• _THE DATA_:
_ _ _ _ _ _ _
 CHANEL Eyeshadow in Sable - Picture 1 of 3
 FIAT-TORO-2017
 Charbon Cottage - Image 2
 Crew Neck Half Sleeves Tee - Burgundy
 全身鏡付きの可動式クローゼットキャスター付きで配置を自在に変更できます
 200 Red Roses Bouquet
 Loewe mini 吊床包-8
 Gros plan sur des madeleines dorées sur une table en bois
_ _ _ _ _ _ _
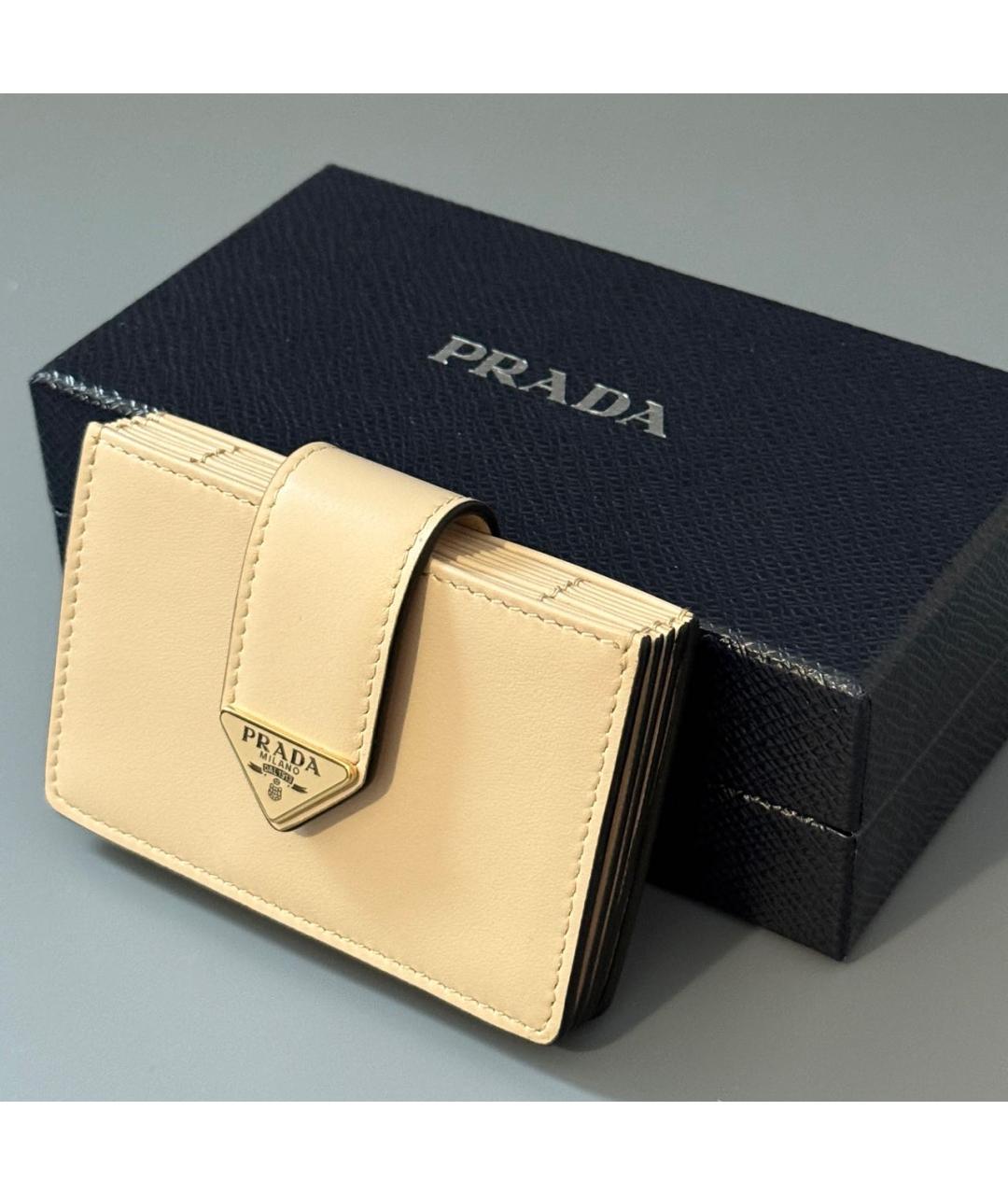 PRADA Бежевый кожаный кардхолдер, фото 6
_ _ _ _ _ _ _
• _PROBLEM_: Above are the records; repeat exactly the lines from the one holding "CHANEL Eyeshadow in Sable - Picture 1 of 3" down to the one holding "Gros plan sur", end lines included.

• _EXERCISE RESPONSE_:
 CHANEL Eyeshadow in Sable - Picture 1 of 3
 FIAT-TORO-2017
 Charbon Cottage - Image 2
 Crew Neck Half Sleeves Tee - Burgundy
 全身鏡付きの可動式クローゼットキャスター付きで配置を自在に変更できます
 200 Red Roses Bouquet
 Loewe mini 吊床包-8
 Gros plan sur des madeleines dorées sur une table en bois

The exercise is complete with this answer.